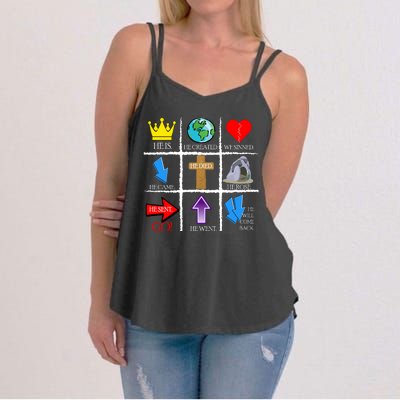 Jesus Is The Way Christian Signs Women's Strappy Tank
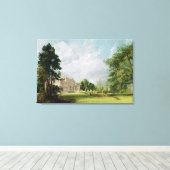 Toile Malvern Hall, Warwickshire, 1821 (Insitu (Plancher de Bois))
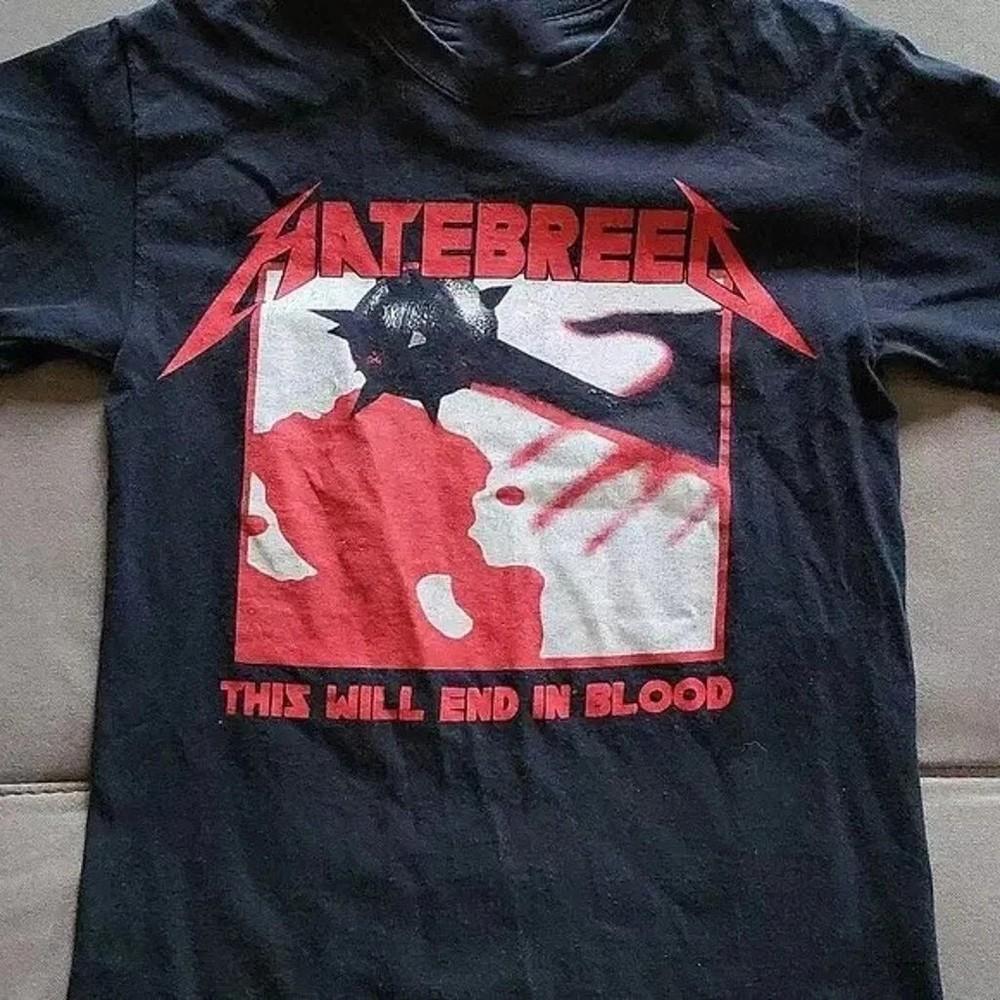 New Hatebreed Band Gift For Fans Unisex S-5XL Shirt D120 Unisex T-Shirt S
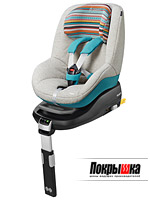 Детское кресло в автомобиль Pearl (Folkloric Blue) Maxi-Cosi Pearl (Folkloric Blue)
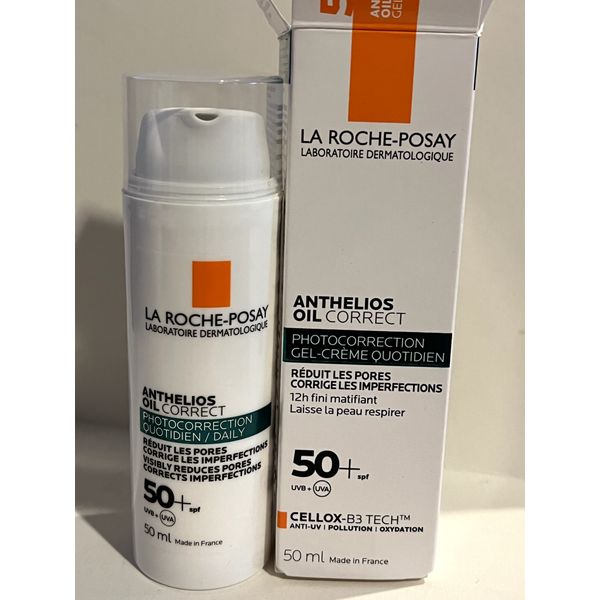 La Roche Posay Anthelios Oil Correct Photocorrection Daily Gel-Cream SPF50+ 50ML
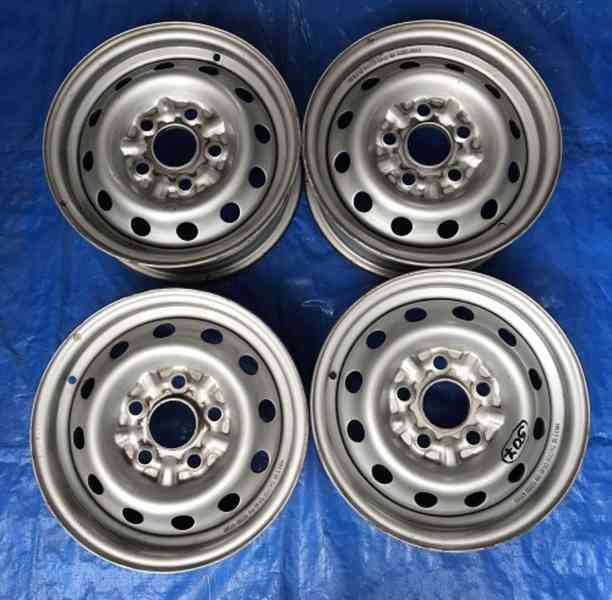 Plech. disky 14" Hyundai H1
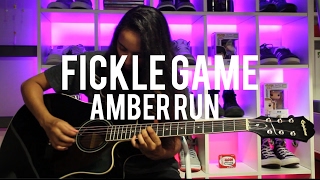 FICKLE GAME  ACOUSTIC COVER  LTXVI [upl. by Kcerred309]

--

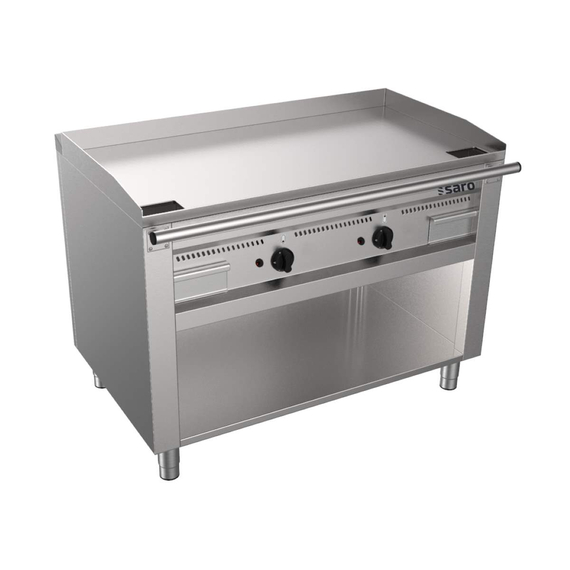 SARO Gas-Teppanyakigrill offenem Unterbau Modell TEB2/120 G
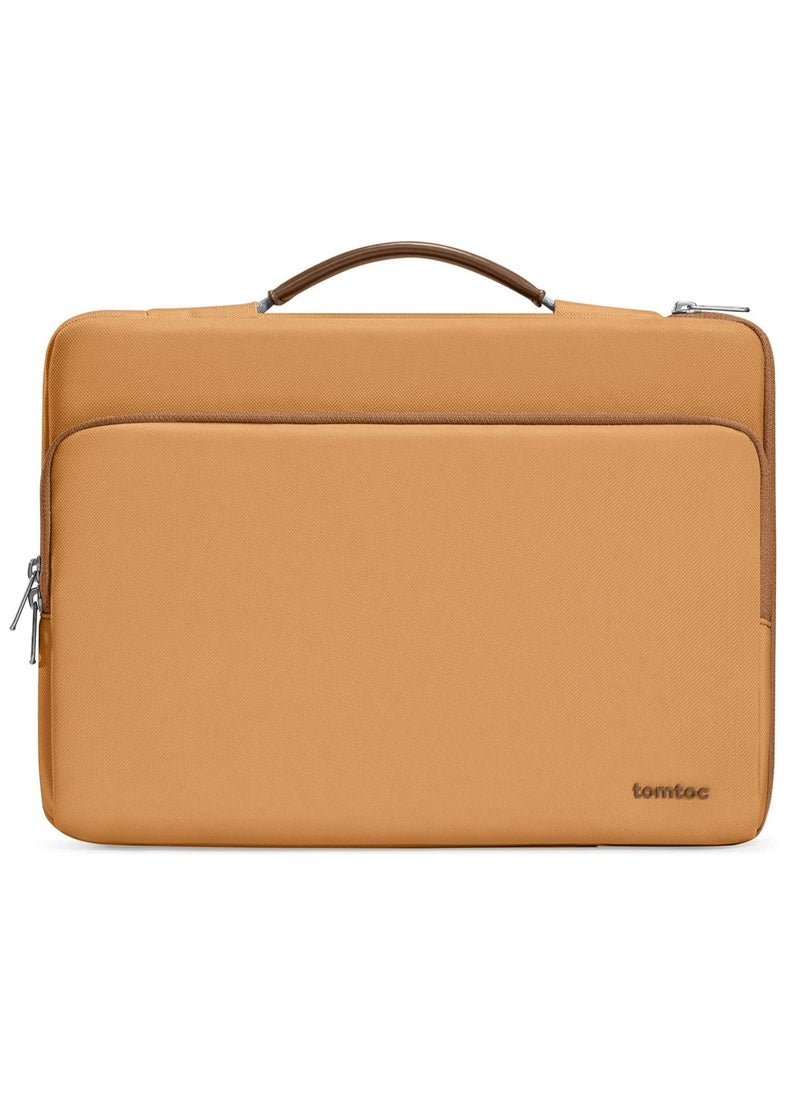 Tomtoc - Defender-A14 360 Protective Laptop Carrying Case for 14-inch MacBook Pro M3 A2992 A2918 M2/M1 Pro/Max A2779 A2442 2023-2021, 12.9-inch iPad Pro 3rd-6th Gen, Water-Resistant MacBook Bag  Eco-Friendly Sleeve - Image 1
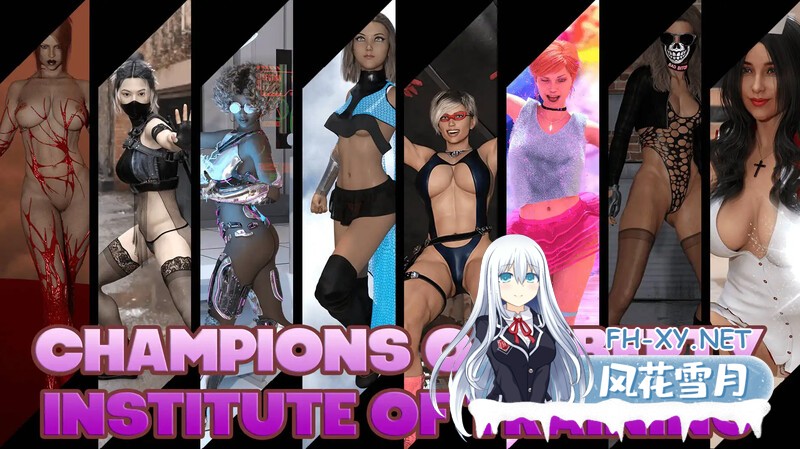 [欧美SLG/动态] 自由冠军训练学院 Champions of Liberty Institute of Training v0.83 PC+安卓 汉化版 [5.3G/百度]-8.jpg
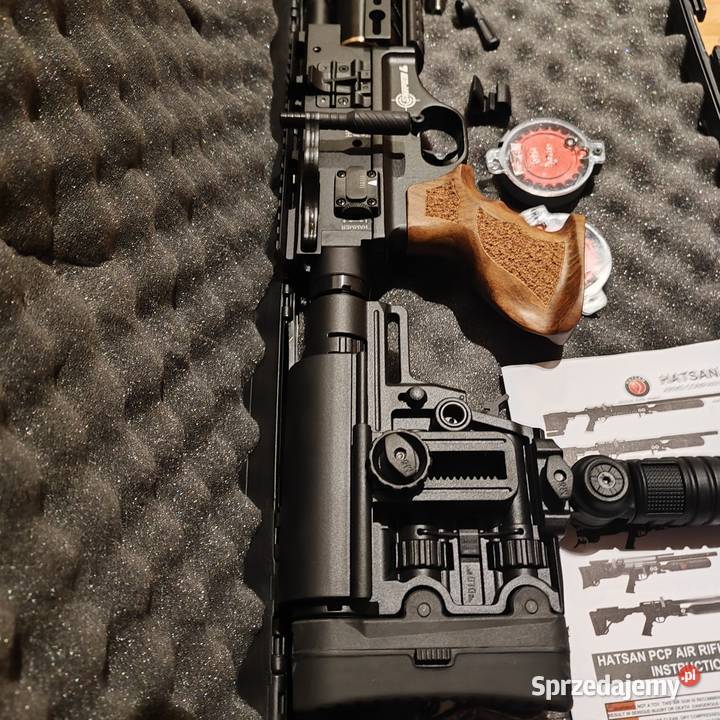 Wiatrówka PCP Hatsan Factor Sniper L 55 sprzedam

WORK REQUEST
Leaving every picture aside, reproduce exactly the lines above from the one with "Toile Malvern Hall, Warwickshire, 1821" up to and including the one with "[upl. by Kcerred309]", and no others.

EXERCISE SOLUTION
 Toile Malvern Hall, Warwickshire, 1821 (Insitu (Plancher de Bois))
 New Hatebreed Band Gift For Fans Unisex S-5XL Shirt D120 Unisex T-Shirt S
 Детское кресло в автомобиль Pearl (Folkloric Blue) Maxi-Cosi Pearl (Folkloric Blue)
 La Roche Posay Anthelios Oil Correct Photocorrection Daily Gel-Cream SPF50+ 50ML
 Plech. disky 14" Hyundai H1
 FICKLE GAME  ACOUSTIC COVER  LTXVI [upl. by Kcerred309]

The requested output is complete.